§ **Dataset records**
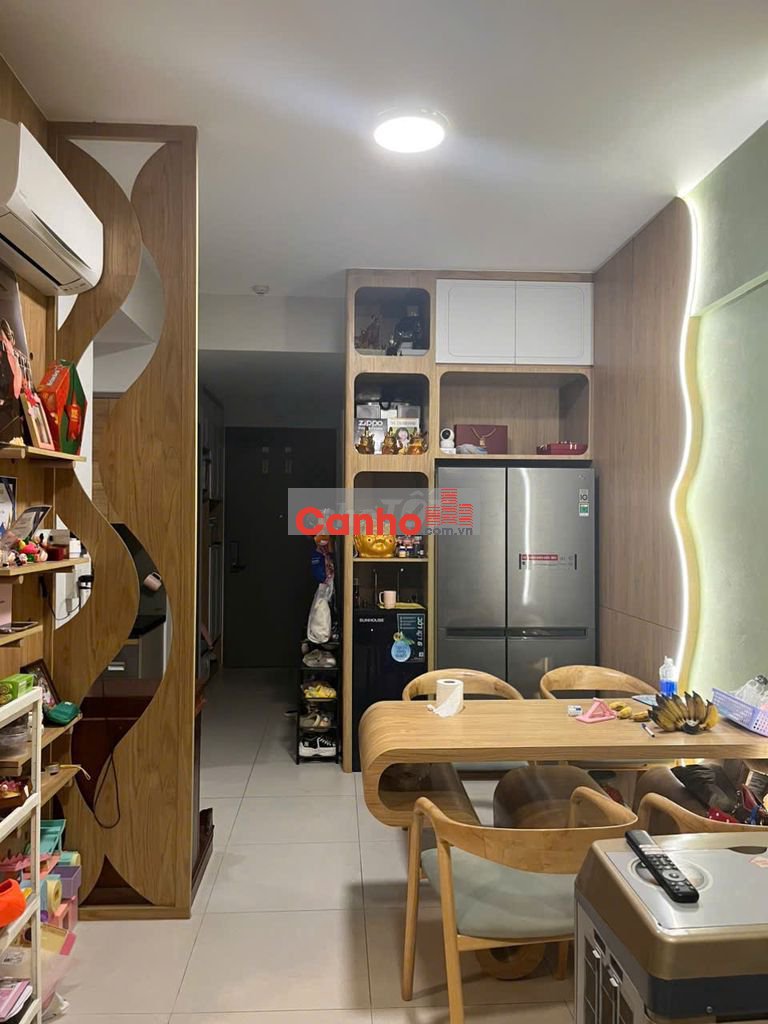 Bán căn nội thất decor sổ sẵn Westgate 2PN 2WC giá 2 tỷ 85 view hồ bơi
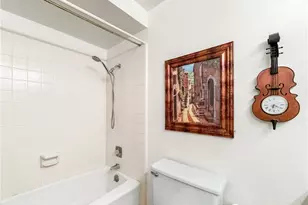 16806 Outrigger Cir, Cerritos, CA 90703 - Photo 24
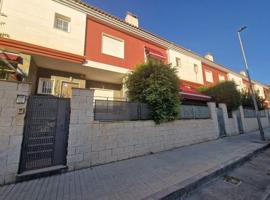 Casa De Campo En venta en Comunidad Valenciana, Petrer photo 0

* * *

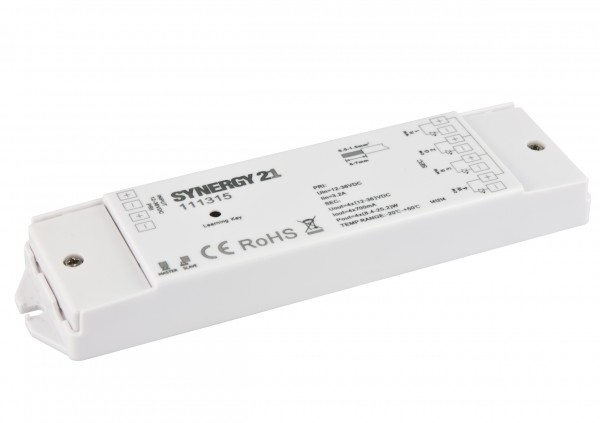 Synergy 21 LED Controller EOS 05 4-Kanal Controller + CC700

§ **Problem requirements**
If a picture sits between the line containing "Bán căn nội" and the line containing "Casa De Campo", leave it out, and return the lines of that range above exactly, both ends included.

§ **Answer space**
 Bán căn nội thất decor sổ sẵn Westgate 2PN 2WC giá 2 tỷ 85 view hồ bơi
 16806 Outrigger Cir, Cerritos, CA 90703 - Photo 24
 Casa De Campo En venta en Comunidad Valenciana, Petrer photo 0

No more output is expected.